According to police, a FedEx van was delivering visa application documents when the G4S dog barked after sniffing on the van, indicating it had detected something suspicious.
This caused panic and fear in the complex.
Immediately after the alarm, extra security checks were put in place and the section of Limuru road between Muthaiga mini-market roundabout and the UN Avenue was blocked for hours by General Service Unit officers and detectives.
Embassy personnel were evacuated and told to stay away.
Those who had not reported to work were to remain at home.
“The Canadian High Commission is currently off-limits. All core business staff, locally engaged staff and spouses not at the High Commission are to remain at home. Update to follow,” the alert read.

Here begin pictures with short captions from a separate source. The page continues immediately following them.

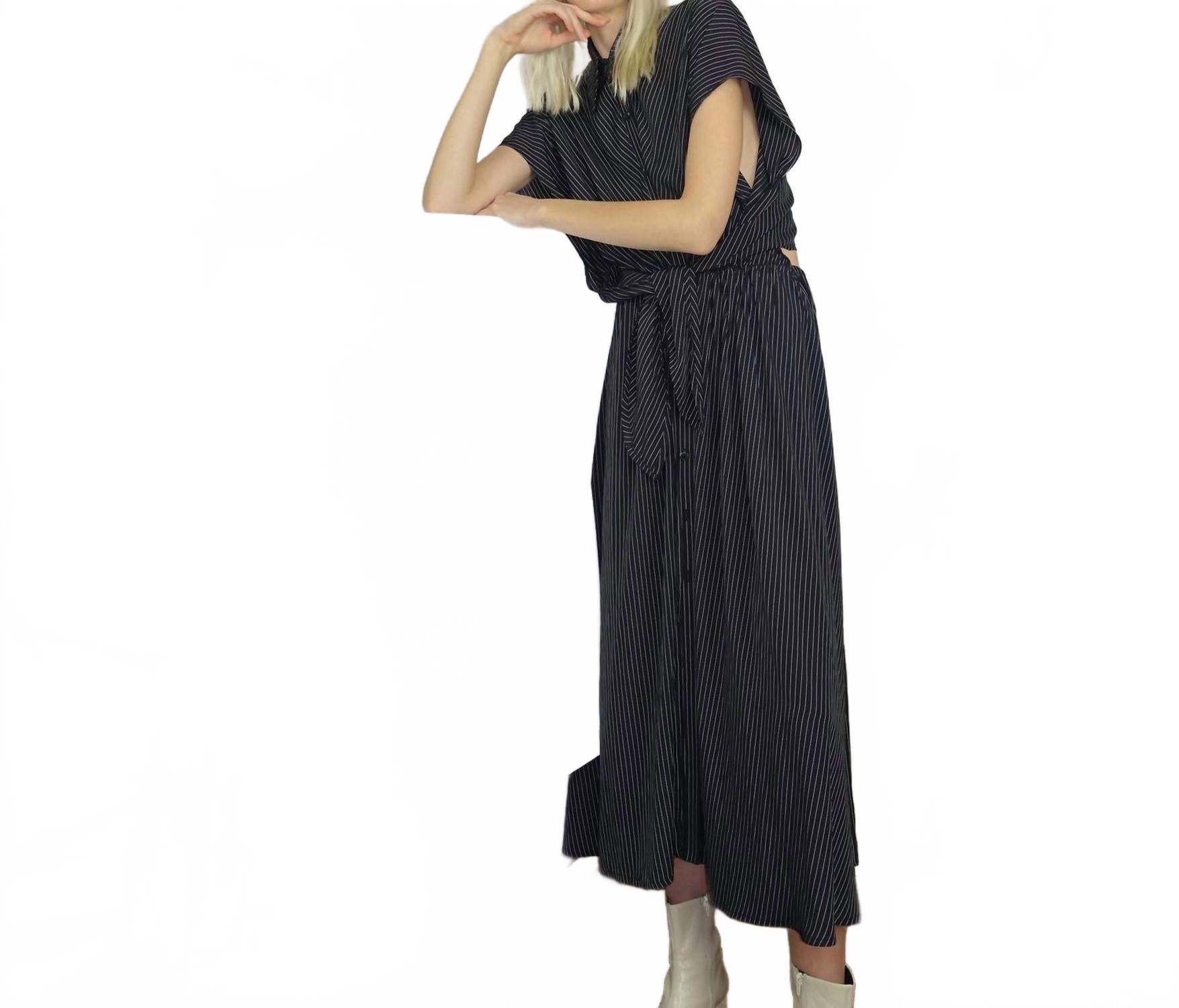 

Женское платье The Scott черное с белой полосой Heike-NY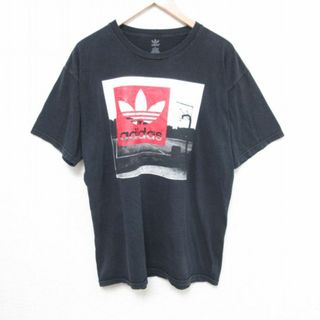 アディダス(adidas)のL★古着 アディダス adidas 半袖 ブランド Tシャツ メンズ ビッグロゴ リーフ トレフォイル クルーネック 黒 ブラック 23aug03 中古(Tシャツ/カットソー(半袖/袖なし))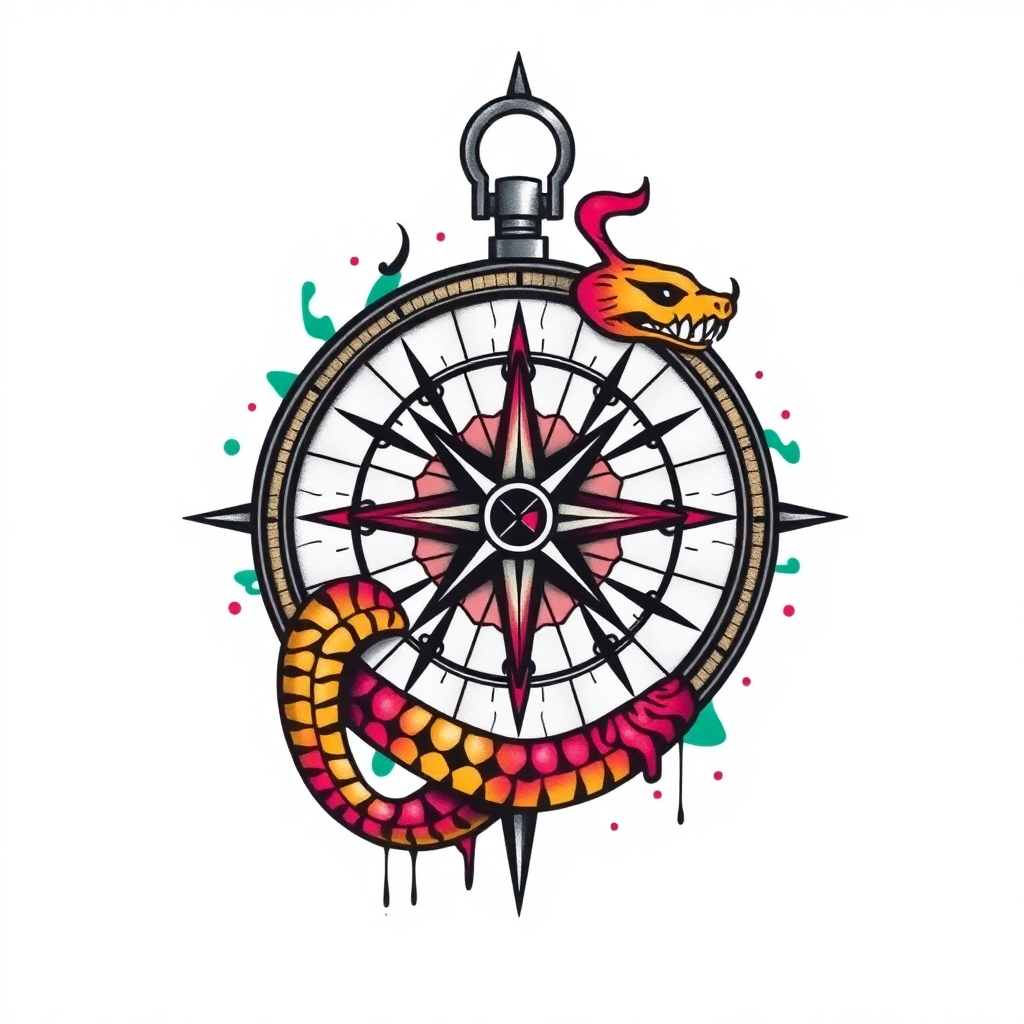 Graffiti-style compass tattoo featuring a vibrant snake intertwined, bold outlines on a solid white background.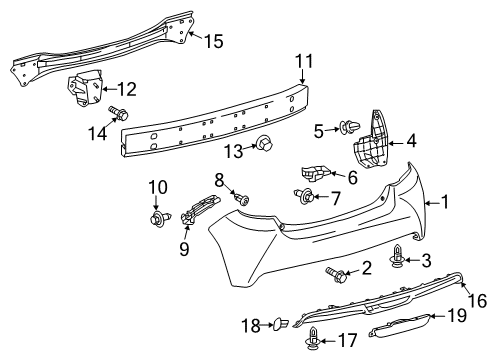2016 Toyota Yaris Rear Bumper Side Support Diagram for 521560D091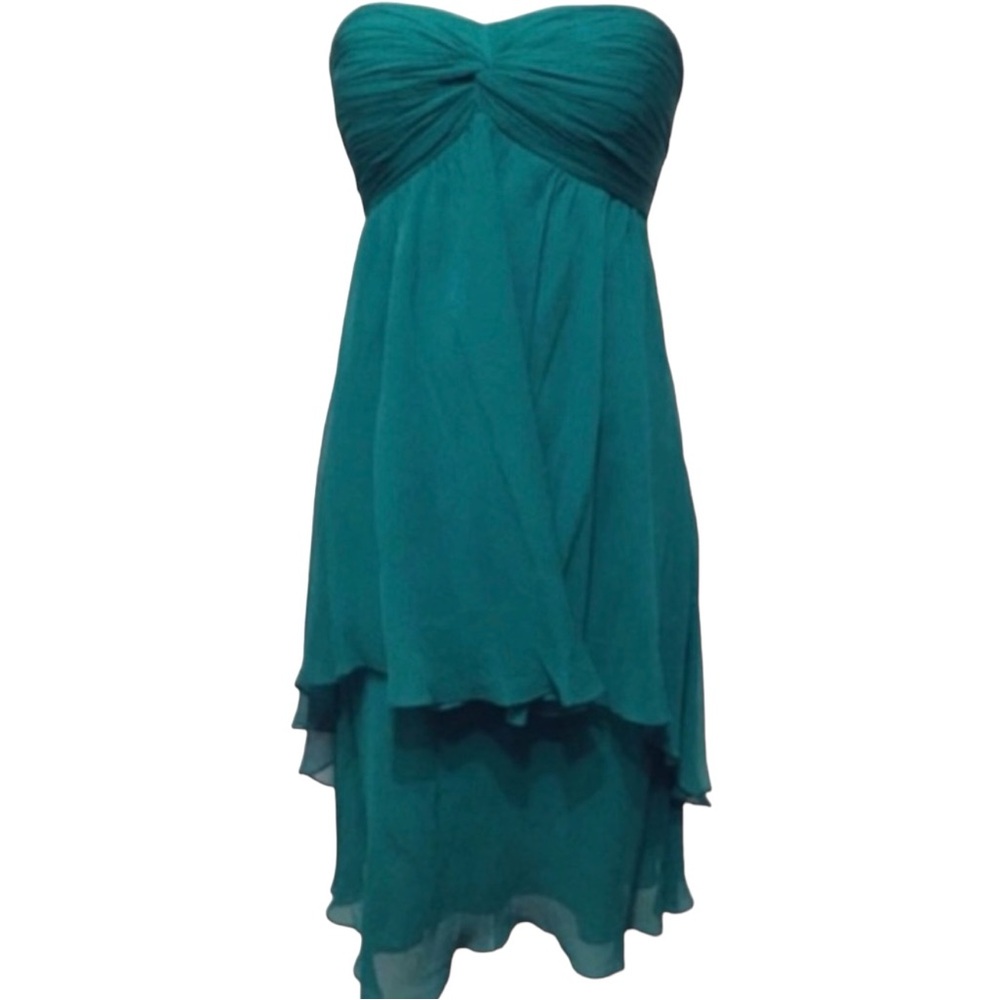 TIBI NYC 100% Silk Chiffon Emerald Green Strapless Party Dress, Small, NWOT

Traffic police officers diverted vehicles to other roads. A bomb disposal team from the Directorate of the Criminal Investigations arrived at the embassy to inspect the suspicious packages.
The team was later joined by the acting Commandant Diplomatic Police Unit Ambrose Mwawaka, Gigiri OCPD Vitalis Otieno and his DCI counterpart Daniel Kandie.
Around 11.40am, Inspector-General of Police Joseph Boinnet declared the place safe. Mr Boinnet said the 35-kilogramme parcel contained visa forms and that the bomb disposal unit team of Mr Eliud Langat, had declared the cargo and the area safe.
The embassy is guarded by the GSU officers but has contracted the KK Security company to man the gates and screening machines but replaced them with G4S a few months ago.
The G4S officers are usually accompanied by a number of dogs.
The company’s communication officer Yvette Miyoma did not respond to questions from the Nation.
The heavily-guarded embassy borders Kenya Technical Teachers College and the Rwandan embassy.